Some of the analysts bullish on the Nio stock price are from China Renaissance, Mizuho, Jeffries, Deutsche Bank, and UBS. Most of these analysts have a buy or hold rating on the stock.

Another broader look by most analysts shows that most of them are bullish on the stock. In addition, data compiled by Tipranks shows that the target for the stock is $16, which is also higher than the current level. 

Meanwhile, according to Long Forecast, the Nio stock price will remain in a tight range in the next few months. They expect the shares to be below $8 at the end of 2023.

Nio analysts

Nio stock forecast 2025

It is difficult to predict how a stock will perform in about three years, as history has shown us. The situation is more volatile for Nio because it is a Chinese company that could probably be delisted in the United States. 

All factors constant, there is a possibility that the Nio share price will do well by 2025 as electric vehicles go mainstream. As you already know, many countries such as those in Europe and even China have made plans for phasing out combustion engine vehicles. 

By 2025, Nio will have perfected its manufacturing process and expanded its business to other countries.
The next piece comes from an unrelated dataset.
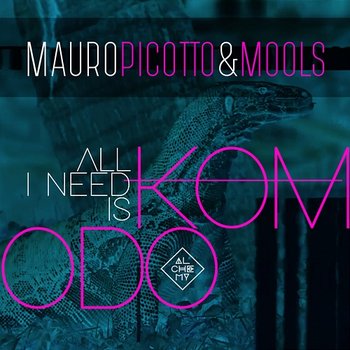 All I Need Is Komodo - Mauro Picotto, MOOLS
According to Long Forecast, the stock will be trading at about $55 in January 2025. If you want to test, you can check the ATFX trading demo account.

Nio analysts forecasts

nio analysts forecasts

Nio stock forecast 2030

Generally, I am a bit bullish on the Nio stock price in the long term because of the company’s rapid growth. Therefore, I believe that the stock will be substantially higher than where it is today. However, based on its historic performance, we can’t rule out a situation where the stock rises three times by 2030 to over $70. As Tesla has proven, this is a possible scenario. 

Nio stock price history 

As shown below, the Nio share price has had a roller-coaster as a public company. The company went public in 2018, and its stock price collapsed to an all-time low of $1.20. At the time, there were concerns about the company’s existence as a going concern. 

It then started a spectacular rally in November 2019 as the firm geared towards the launch of its products. Since then, it jumped by more than 5,400% and reached an all-time high of $65. Today, the stock is about 65% below its all-time high. 

Nio share price history

NYSE: NIO Chart – 1W Timeframe

Is Nio a good buy and hold stock? 

While Nio is a good company, it is also highly risky. Being a Chinese company, there are concerns about the accuracy of its financial results. In the past, we have seen Chinese companies publish inaccurate numbers. 

Another concern is that the company could be delisted in the US. If this happens, many American investors will be left carrying the bag. Also, there are concerns about rising competition in the EV industry as companies like BYD, Xpeng, Geely, and Zeekr take market share.

Nio stock short interest 

Short interest refers to the number of shares held by short-sellers. These are people who bet that a stock will go down. After the Wall Street Bets situation, we have seen the short interest of many companies decline. The current Nio short interest stands at just $1.5 billion, which is the lowest level in more than a year. At its peak, the value of shares held by short-sellers was worth over $4 billion. 

Nio short-interest

How many cars has Nio sold? 

Nio is a relatively young company that is in the process of ramping up its production. Nio has sold over 238k cars, which is a remarkable number for a company of its age. Analysts expect that it will sell over 500k cars per year in the next five years. 

Is the Nio stock overvalued?

Like most EV stocks, Nio is currently overvalued. Besides, this is a loss-making company that makes less than $4 billion in annual revenue that is being valued at almost $35 billion. The company has a price-to-sales ratio of 5.89, making it overvalued. However, this overvaluation can be justified if the company maintains its growth.


The Nio stock price has done well over the years. In this article, we have explained why it has performed like that. We have also identified potential risks that the company is currently facing.